Terinden / derinden açılan gül
“Gül ü reyhânın kokusu aşık ile maşukadırAşık olanın maşuku hergiz öğünden gitmeye” der Yunus. Seven ve sevilen'in sevgisi gül ve reyhânın kokusu gibidir. İki koku birbirine...
“Gül ü reyhânın kokusu aşık ile maşukadır
Aşık olanın maşuku hergiz öğünden gitmeye” der Yunus. Seven ve sevilen'in sevgisi gül ve reyhânın kokusu gibidir. İki koku birbirine karışır ve seven ve sevilen tek vücud olur. Tevhid tecelli eder.”Leyla benim” der Mecnun.
İnsan aşk üzere olduğunda evet şunu biliyor işte; kavuşma ile ayrılık arasında bir fark yok. Lakin bunu bilene dek upuzun bir idrak yolculuğu bekliyor hepimizi. Ayrılıkların en acısı, vedaların en acıklısı bekliyor.
Kimileri kavuşuyor. Kimileri sahip oluyor. İşte sahip olan “bir ben bir de nesnem var” diyerek ikilikte kalıyor.
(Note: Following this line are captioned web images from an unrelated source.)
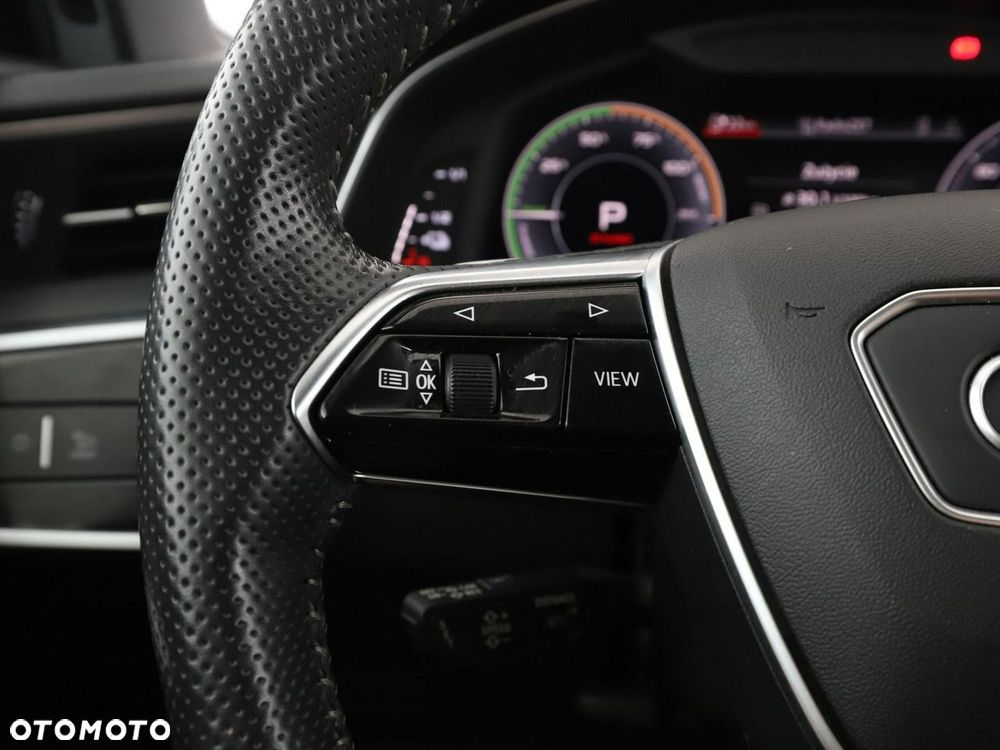 Audi A6 Avant 55 TFSI e quattro S tronic sport - 32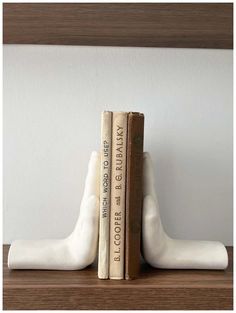 Подставкадержатель для книг CRAFTAR фигурка Ладони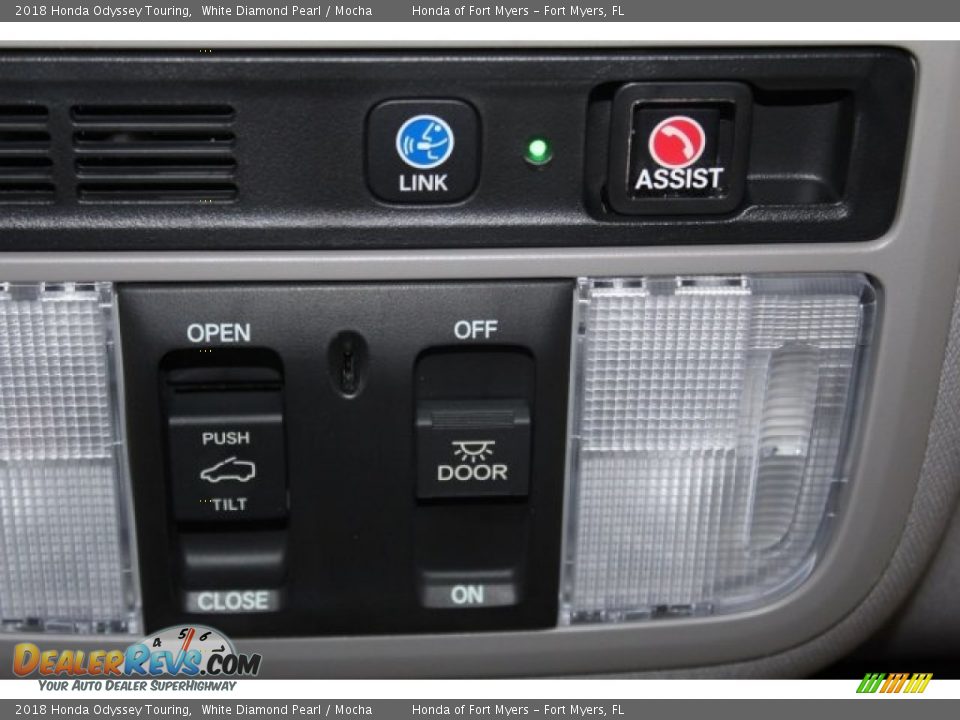 2018 Honda Odyssey Touring White Diamond Pearl / Mocha Photo #29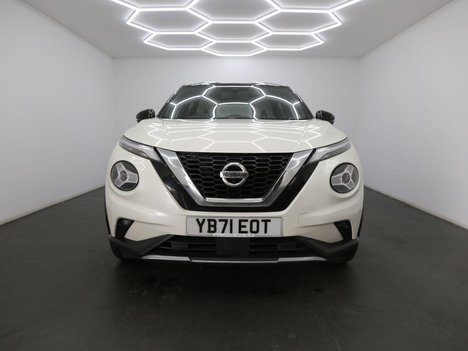 Nissan Juke 1.0 DIG-T Tekna+ Euro 6 (s/s) 5dr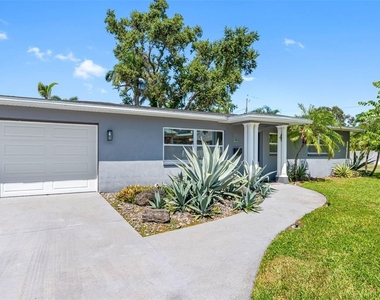 439 Capri Way Ne - Photo Thumbnail 1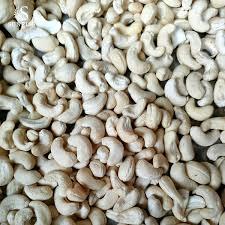 Cashew W320, Walnut Shells, Almonds, Pistachios Packaging 10 kg / 20 kg Carton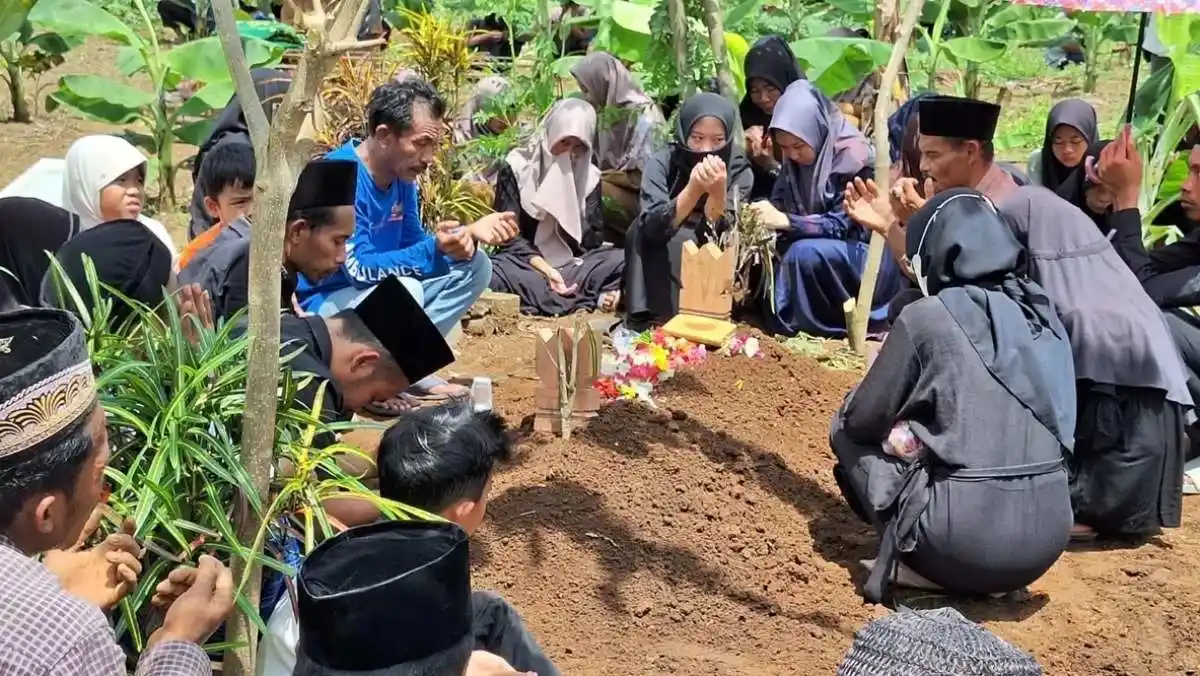 Berdoa di Pemakaman Menurut Islam, Ini Adab dan Penjelasan yang Perlu Dipahami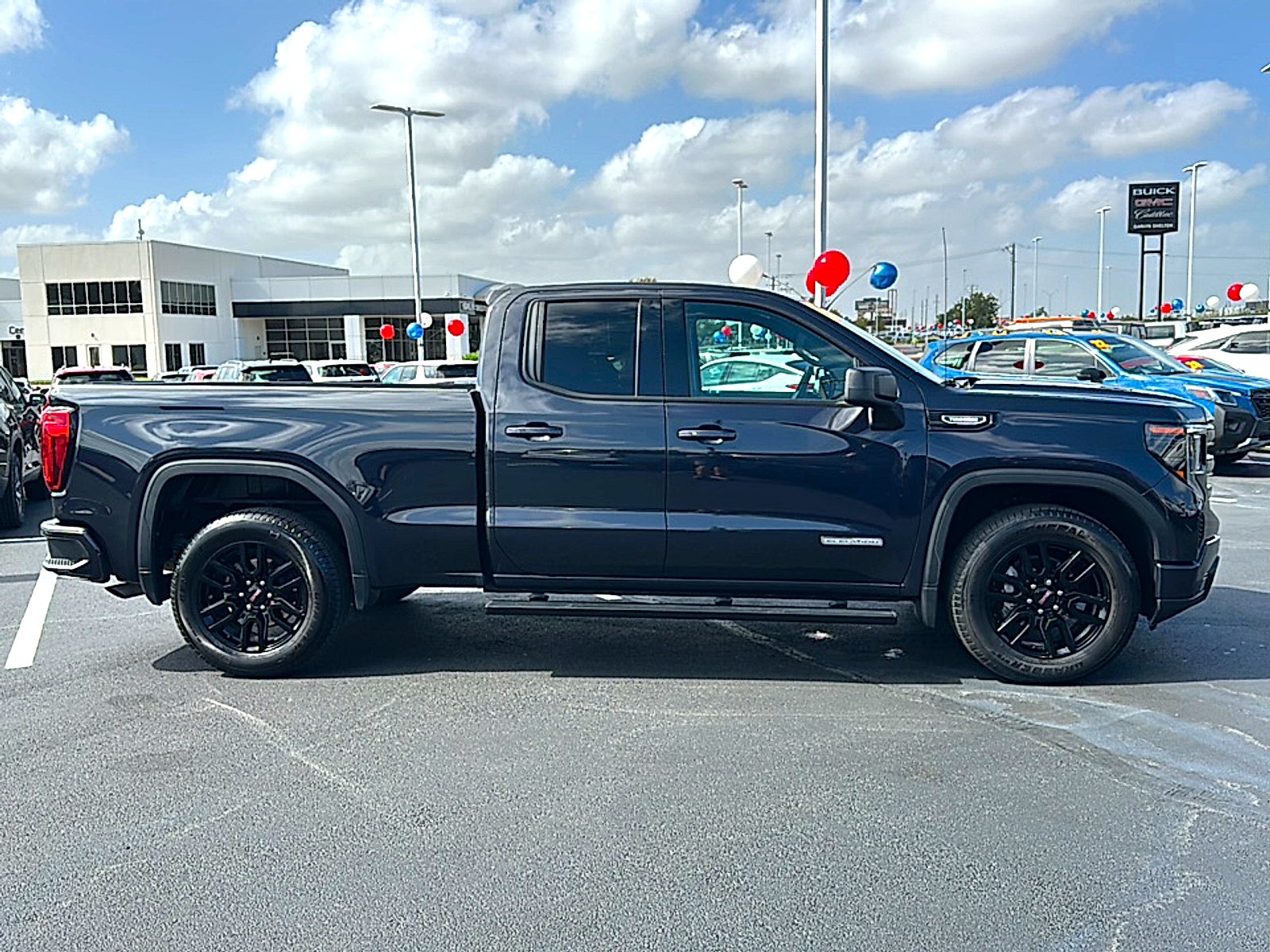 2025 GMC Sierra 1500 Elevation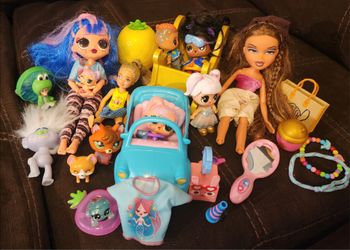 🎀 Doll & Accessories Toy Lot
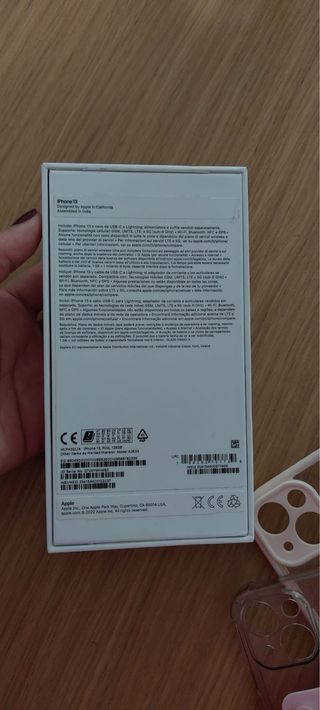 iPhone 13 Rose + Extras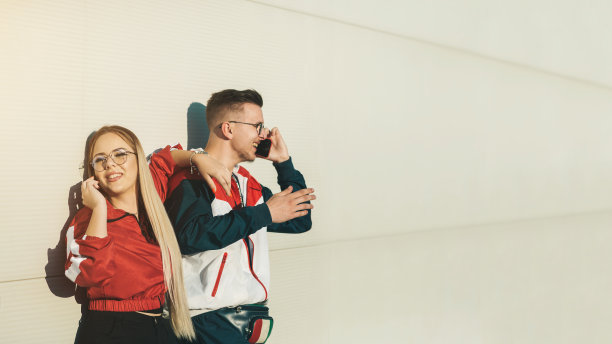 年轻男女在用手机聊天图片下载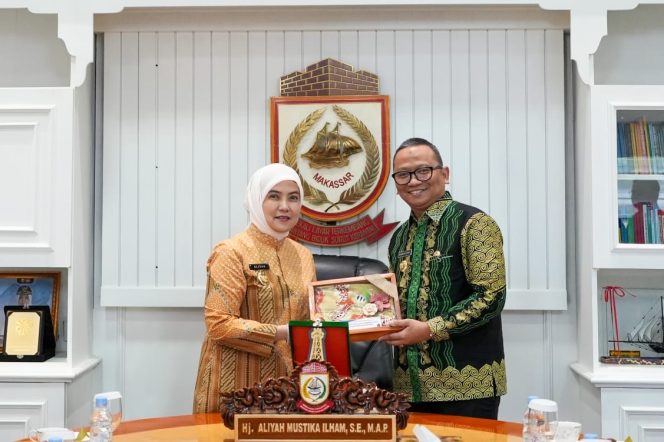 
					Makassar Jadi Rujukan, Tiga Kepala Daerah Bahas UMKM hingga Investasi Bersama Aliyah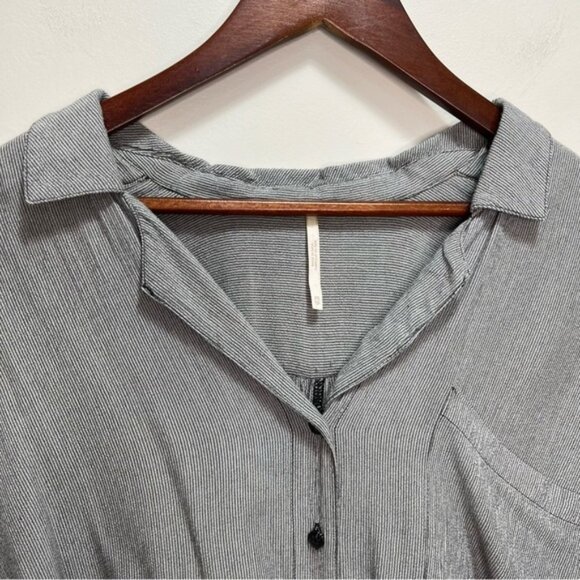 Free People Magic Breeze Shirt Size XS Oversized - Picture 5 of 12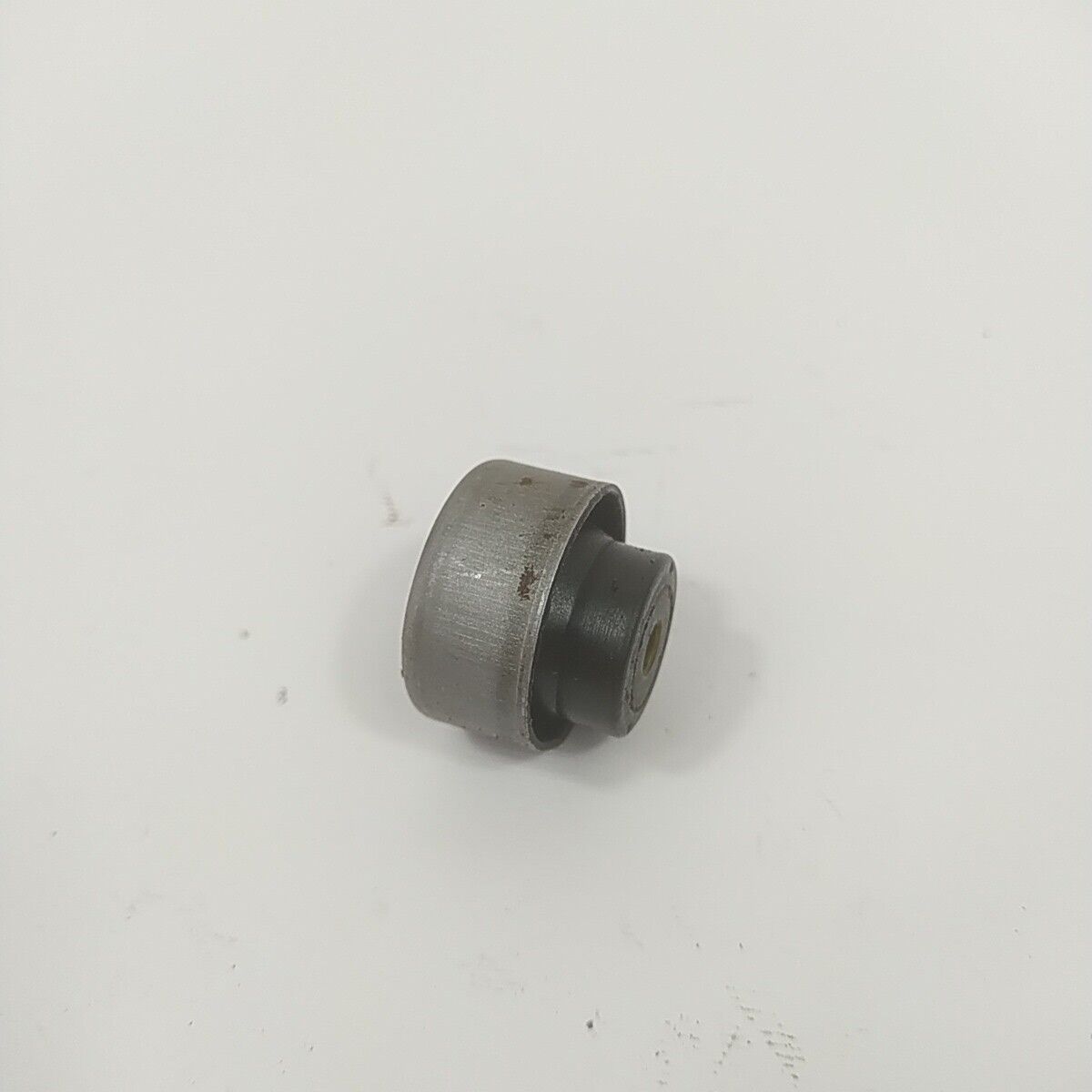 Ricambio SUPPORTO AMMORTIZZATORE ANTIVIBRANTE per motosega CASTOR CP 700 usato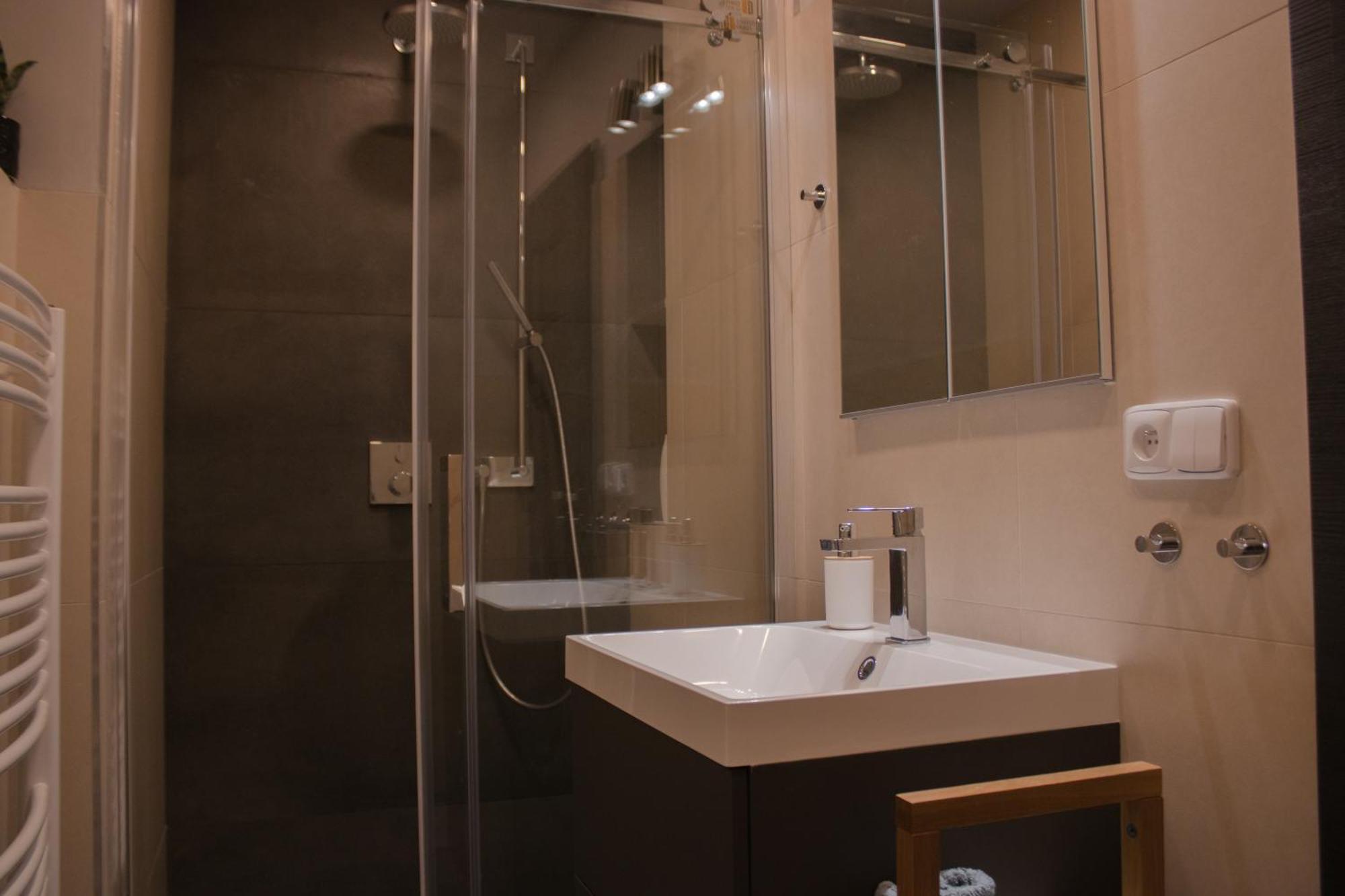 Apartman U Lesa Nové Jirny Exteriör bild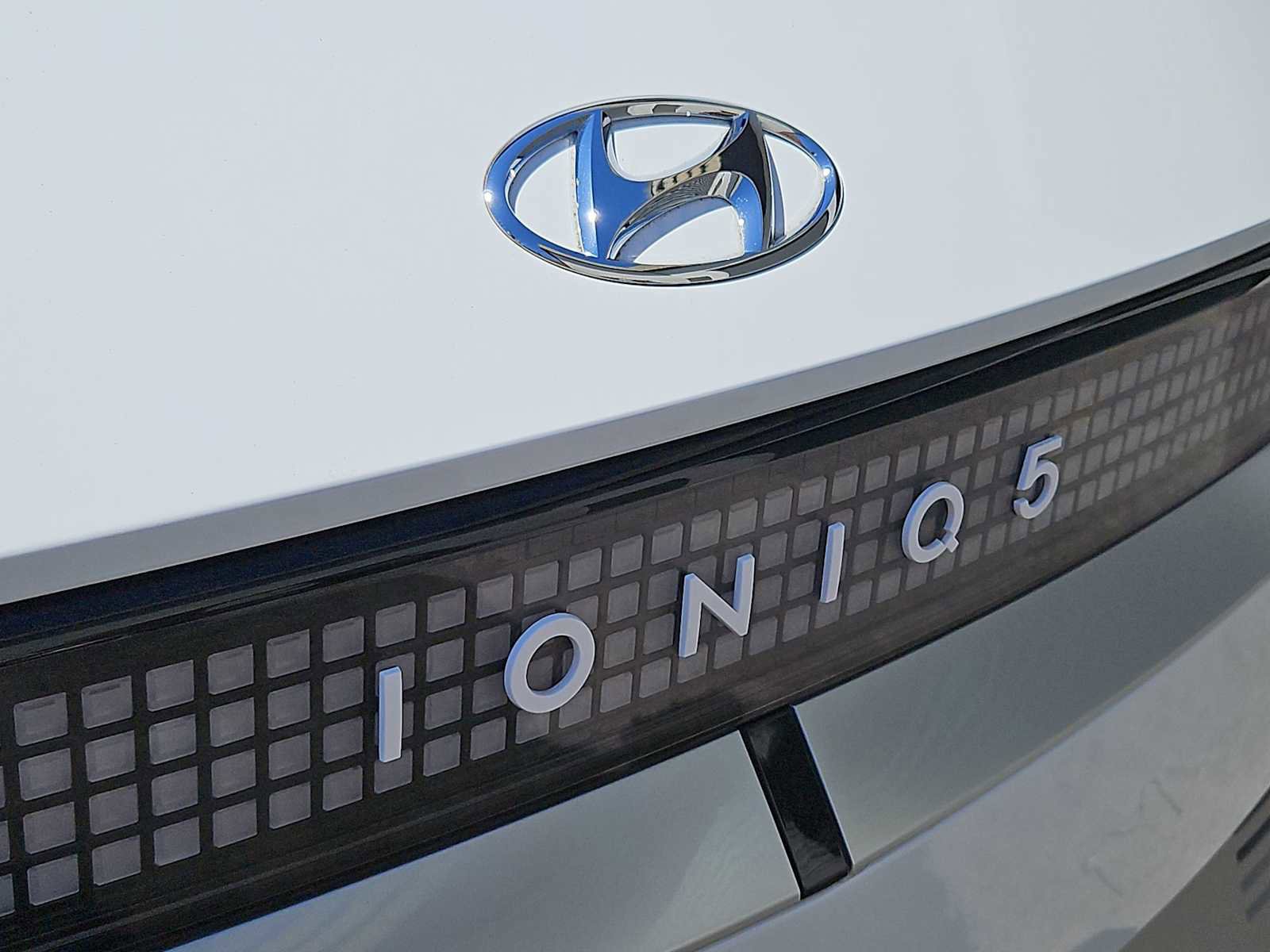 Certified 2024 Hyundai Ioniq 5 Limited image 12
Kavuşan ise bir oluyor. Ne özne kalıyor ne nesne. Bu sebeple sahip olan ikilikte yani ayrılıkta... Kavuşan ise her daim bir'likte. Yani tevhidde.
***
Şimdi artık bütün ayrılıkları bir kavuşma olarak görecek yaştayım. Gördüm ki vedalar hiç de o kadar uzun menzilli değil. Yarım kalan ne varsa aslında tastamam. Çünkü her şey en eksik halinde iken bile yerli yerince. Hem evvelde. Hem ahirde. Her şey nasıl olmalı ise öyle.
Kördüğüm gibi bir şey sevmek. Bütün uçları yitik. Evet. Başı da aşk idi, sonu da. Anlamak için bunu; yani gayrılık olmadığını... İlla ayrılmak gerekiyormuş. Ayrılık feryadı şart imiş.
Feryat figan etmek, nârâ atmak, inim inim inlemek, kanlı gözyaşı dökmek... İçinde ne varsa dışında izlemek... İçten dışa, içe... Bütün iki uçları birleştirmek gerekiyormuş. Ta ki kaybolsun uç diye ne varsa. Kavuşmanın uçsuz bucaksız olduğunu fark etsin her ayrılan.
“Aşık, sevgilisiyle ilgili her şeyle öylesine ilgilenir ki ayrılıkla kavuşma arasında bir fark göremez hale gelir” der İbn Arabî. Çünkü aşık daima sevgilisini müşahade eder. O kadar ki sonunda benliği gider o olur. Mecnun'un “Leylâ benim” dediği an işte!.